Antioxidants and Dementia Risk

There are currently more than 6 million people living with Alzheimer’s disease (AD) in the United States and the numbers continue to rise. AD is the most common type of dementia and symptoms include difficulty with short-term memory, language, and decision making. 

There is evidence that antioxidants may protect against neurodegeneration. These compounds can prevent or slow the damage to cells caused by oxidative stress. 

In a recently published study, researchers looked at several antioxidants in the blood of more than 7,000 participants in the United States and found that higher levels of carotenoids and zeaxanthin together as well as β-cryptoxanthin were associated with a lower risk of dementia, including AD. The study appears in the journal Neurology.

The Importance of Diet 

For the study, the team used a dataset that included more than 7,000 participants in the U.S., ages of 45to 90 that were followed up for an average of 16-17 years. 

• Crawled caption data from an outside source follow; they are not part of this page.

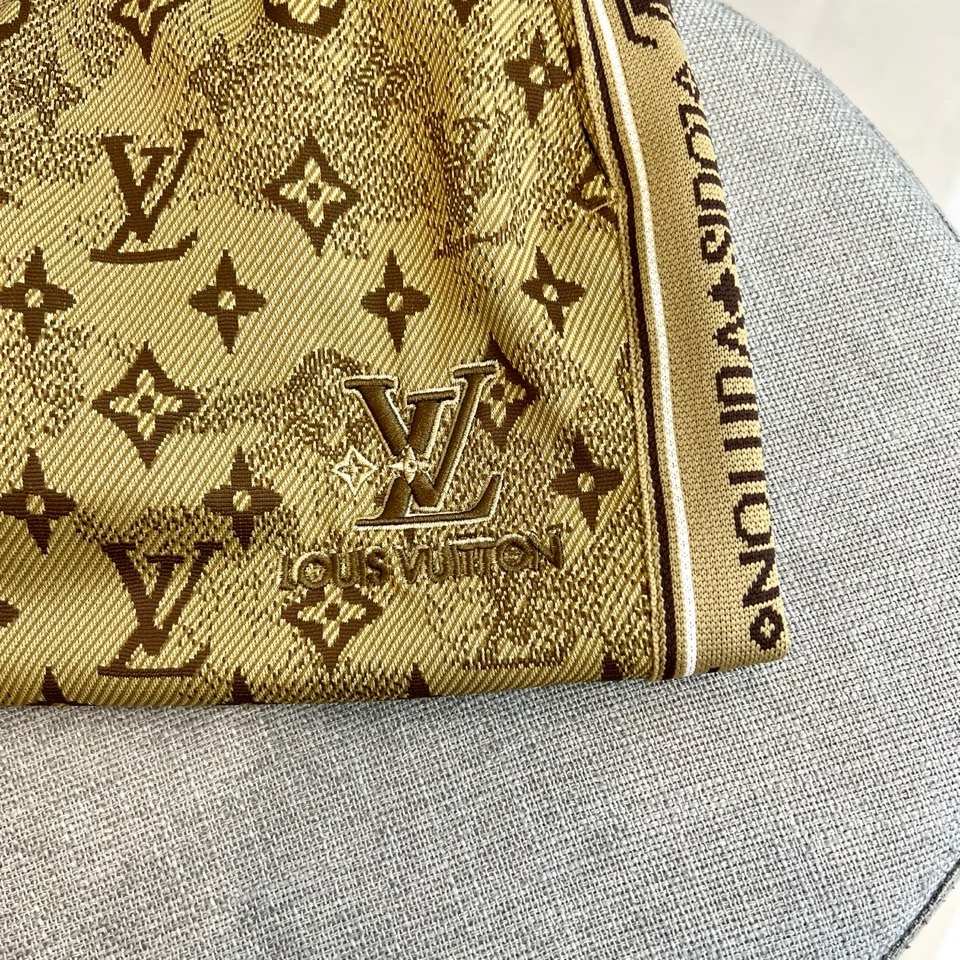 Lv、2025ss夏季新品发售，经典logo标识时尚休闲运动五分裤/短裤！甄选客供定制材质，平整简约，亲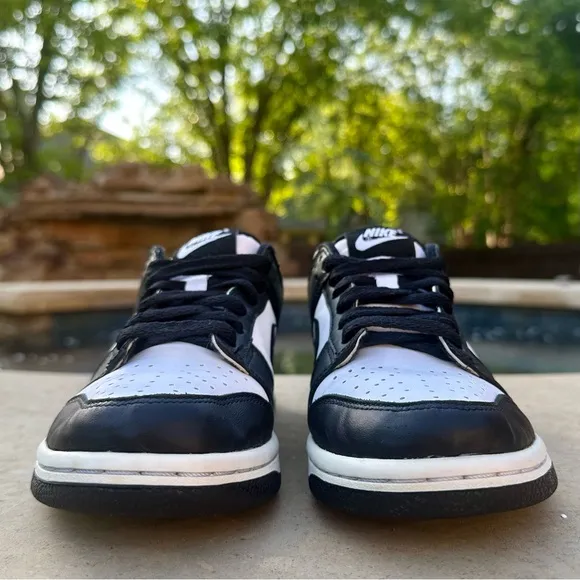 Nike Dunk Low Black &amp; White Panda - Size 4.5Y (CW1590-100)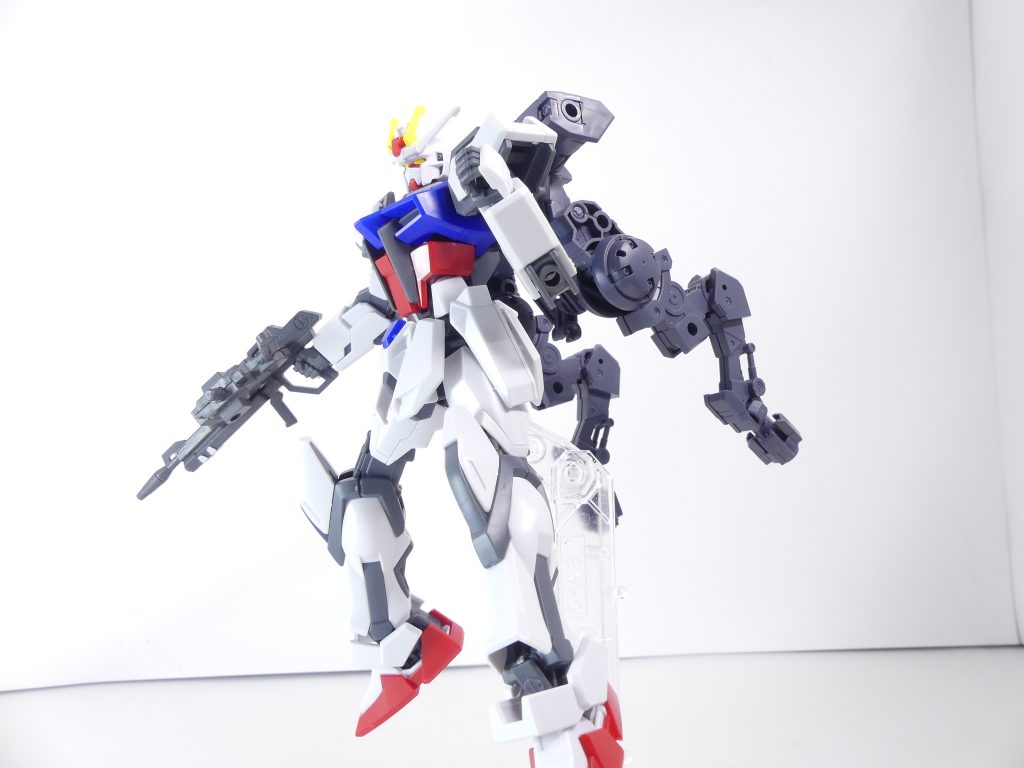 これなら一般的なガンプラ・30ＭＭの背部パックも装備可能に。一気に可能性が広がりました。ライフルはＡＬネイキッドのものを持たせています。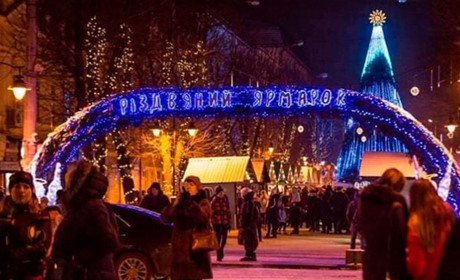 У сусідів: стрілянина, пожежа, ДТП та святковий ярмарок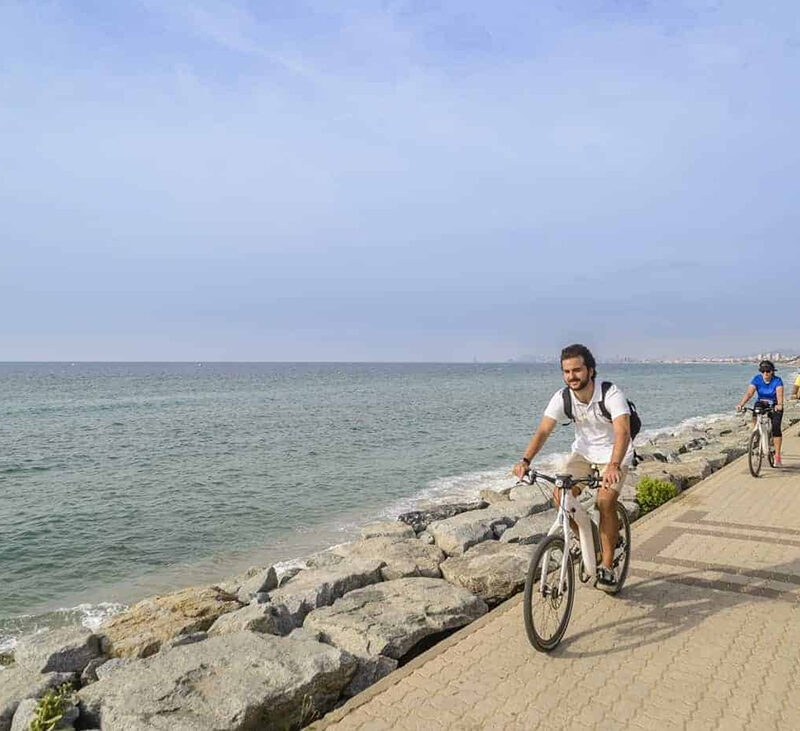 Barcelona Tours en Bicileta y Alquiler: Principales Empresas y Rutas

They examined the relationship between the levels of these antioxidants and rates of Alzheimer’s disease and other dementias. 

Carotenoids and zeaxanthin are found in green leafy vegetables like kale and spinach, while β-Cryptoxanthin, a carotenoid, is found in berries, apples, and papaya. All of which were associated with a reduced risk of dementia from all causes. 

Although not a single food can cure or prevent AD or dementia, there is growing evidence that diet plays an incredibly important role in all aspects of our health, including how our brain ages. 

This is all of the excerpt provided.